BY KAREN BOSSICK
Visual artist Laurie Victor Kay makes her home in Omaha, Neb., with her photographer husband Charles Kay.
But her muse lies underground in the subways of Paris and above ground in the parks of Venice and Luxembourg.
She photographs these places, then returns home where she spends hours digitally manipulating those photos to create symmetrical places that invite viewers to enter a magical realm.
Kay is currently showing many of these works at Gilman Contemporary in Ketchum, including works of symmetrical park pathways in Luxembourg, St. Tropez, Paris, Australia and Italy.

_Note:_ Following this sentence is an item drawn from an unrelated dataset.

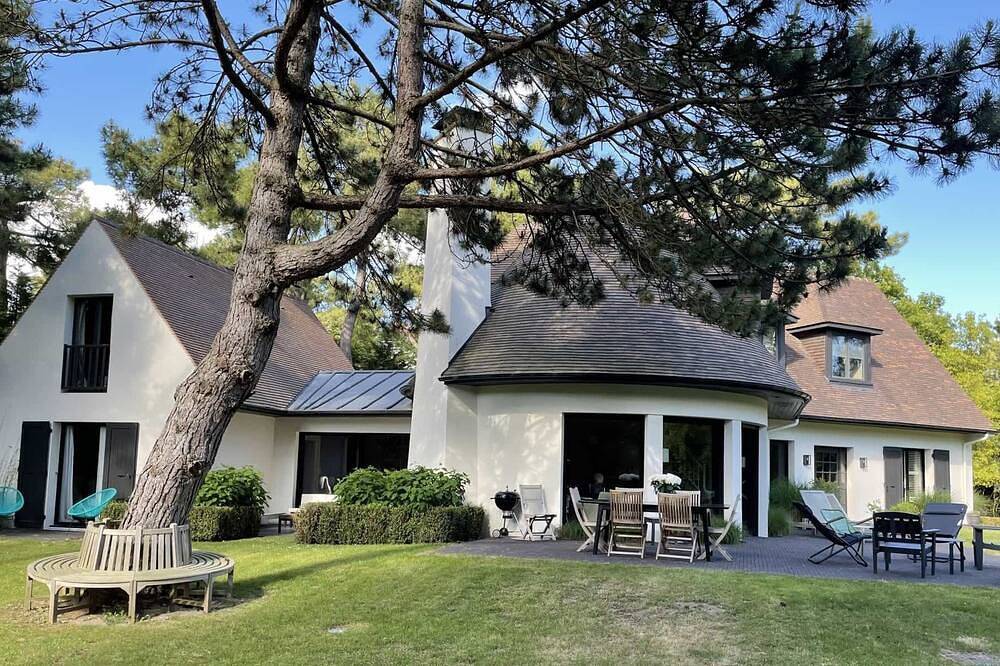 La mousson in Touquet-Paris-Plage, Région de Montreuil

“Most of my metro works are taken in Paris because the metro has such a history there. I love architecture and what I love about metros is that they’re a place where people are passing in space. I love the movement,” she said pointing out one work that indeed captures the movement.

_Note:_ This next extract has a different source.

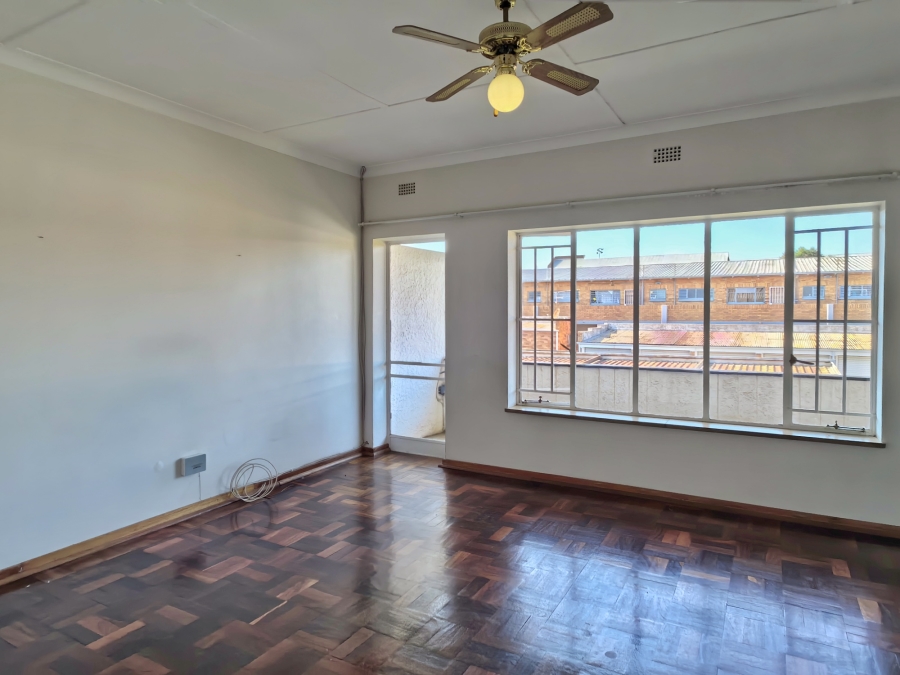 2 Bedroom Property for Sale in Linden Gauteng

“I also like the psychology of being underground, but I want to focus on the brightness not the dark. There’s a universality to metros—anyone can go there. And the spaces are always changing.”

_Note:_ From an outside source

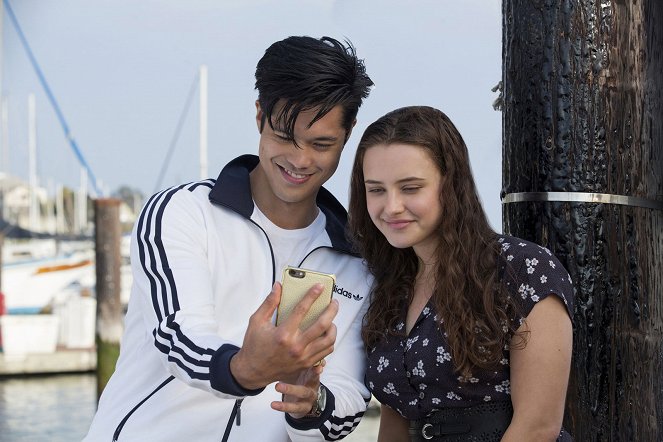 13 Reasons Why - Season 2 - The Smile at the End of the Dock - Photos - Ross Butler, Katherine Langford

Laurie Victor Kay knew she would be a photographer from the time she received her first camera at 14. She studied painting at the School of the Art Institute of Chicago and photography at Columbia College in Chicago.
She met her husband in a photo studio in 1996, and the two have been globe trotting ever since, looking for images that stir their creative juices.
They’re particularly captivated by the grandeur of places like Paris. They train their lenses on the details of staircases in theaters and balconies in cathedrals—things others might not notice while taking in the big picture.
Their list of clients include Fortune 500 corporations and celebrity foundations, including the Tiger Woods Foundation, Nike, Proctor and Gamble, Warren Buffett and AT&T. Many of their clients are captivated by the soothing symmetry of pathways that Victor Kay creates in celebrated public parks across the work.
In Thailand, where Charles Kay’s family is from, she took the branches of a rain tree, noted for its umbrella-shaped crown, and created a perfect symmetry with the branches reaching out to one another, creating a canopy.
“Where they meet is where the magical perfection takes place,” she said.
“These pathways do not feel manipulated –they feel like a place I want to be,” she added. “I like the journey aspect. It’s a way to create this path I want viewers to enter. It’s just an interesting way to look at the world.”
Kay is working on a number of new things. She’s working with the color blue in a line of work she calls Bleu on Blue, trying to see how many different ways she can push color. She’s experimenting with more abstraction and she’s utilizing cut paper in assemblage.
“I’m also working on pieces that show water and waves in slow motion,” she said. “I’m a surfer so I spend a lot of time in the water.”